For those who believe there is a war on Christianity raging across the world, the act of British hotel chain Travelodge removing copies of the Bible from their hotel rooms is sure to be seen as a tragic victory for secularism, reported The Huffington Post.
While the chain says it has not yet received any complaints about the bibles in its rooms, Travelodge has decided to pull all of them from its rooms.
This decision was based on customer research and the fact that we live in a multicultural society. Therefore in order not to discriminate against any religion, customers who would like a Bible can pick a copy from any one of Travelodge’s 500 hotel reception desks across the country, whilst staying at the hotel. To date, Travelodge has not received any customer feedback regarding this decision.
Travelodge also told The Huffington Post that the Bible-removal policy had actually been in place since 2007, despite the fact that it has only now caused an uproar among British Christians. The Church of England released an official statement, saying:
[It is] both tragic and bizarre that hotels would remove the word of God for the sake of ergonomic design, economic incentive or a spurious definition of the word ‘diversity’.

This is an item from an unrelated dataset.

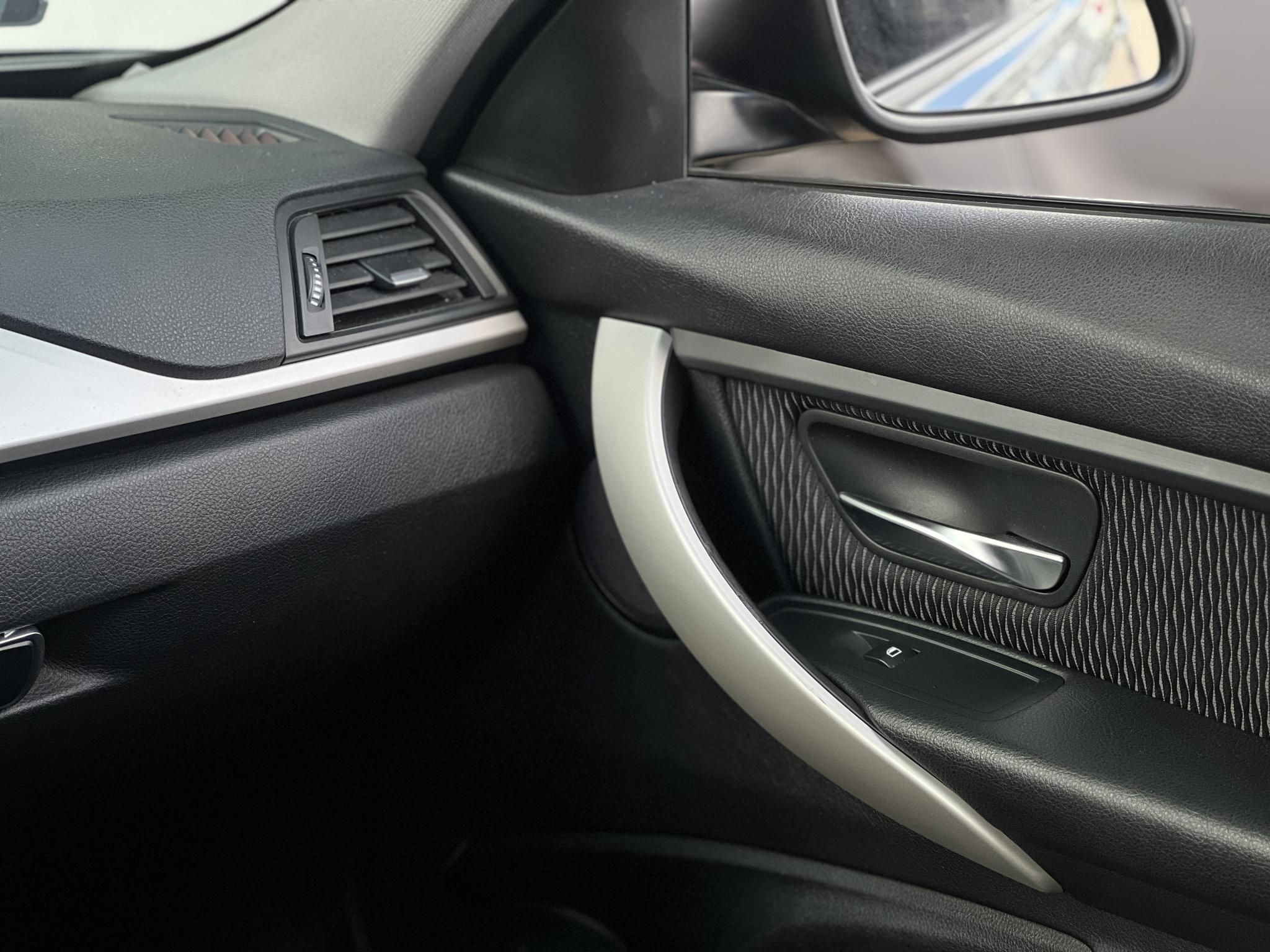BMW 318d 156e km. ülésfűtés. navigáció. bluetooth. tolatóradar. keyless. 2 gyári kulcs!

Despite outrage at the removals of the Bibles, some Christians are not as upset about Travelodge’s decision to remove them — including the provost of St. Mary’s Cathedral in Glasgow Kelvin Holdsworth.

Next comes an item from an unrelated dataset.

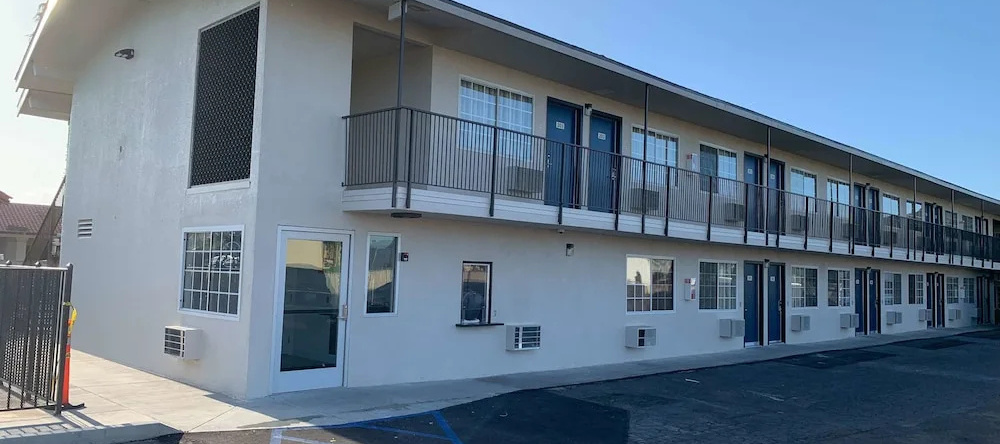 Motel 6 Moreno Valley - Riverside March Air Base, Moreno Valley — photo 1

Travelodge have indicated that they’d be happy to supply bibles from their front desk. And anyway, anyone with a smartphone can access the Bible. Christians should be encouraging new ways of engaging with the text. Christianity doesn’t depend on having bibles in hotel rooms. Bibles in hotel rooms depended on Christendom, but that is now gone. I don’t think faith has much to fear.
But that hasn’t stopped the barrage of other angered Christians lambasting the decision, calling the disappearance of the Bible another stride in a war against Christianity. Tim Stanley, A U.S. historian penned a an op-ed in British newspaper The Telegraph attacking Travelodge.

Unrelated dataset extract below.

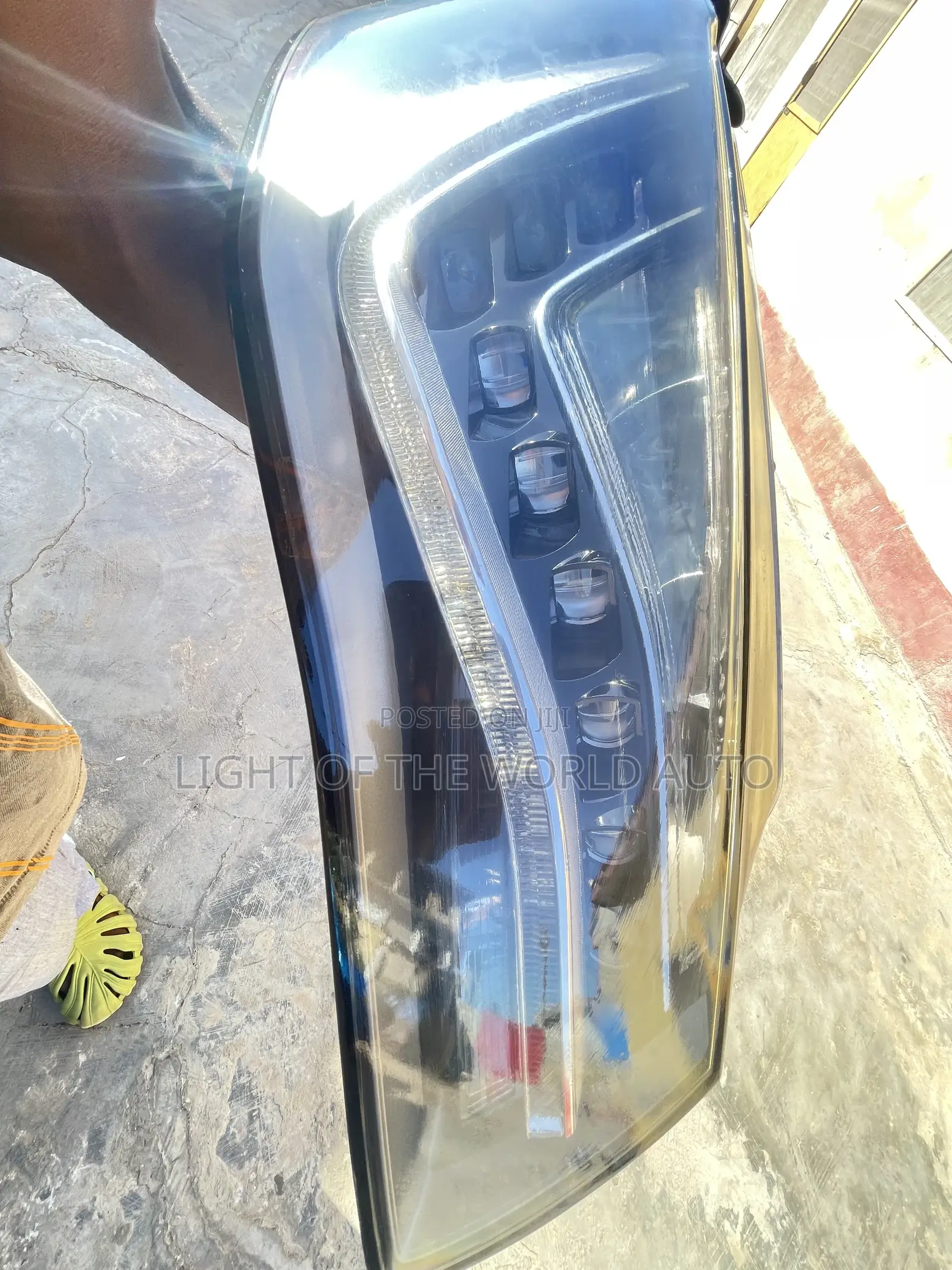 Audi A8 Headlight Full Turing With Chargers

It’s an act of cultural vandalism upon a tradition that goes back 126 years. It’s long been comforting to know that when the TV gets irritating and there’s nothing left to do in your hotel room, you can always open up the bedside table drawer and find a Gideon’s in there. I’ve stayed in a hotel in Detroit that was obviously being used for immoral purposes (or as a place to shelter from the gun crime) and was delighted to discover that even in that den of vice there was a well-ruffled Good Book chained to the desk.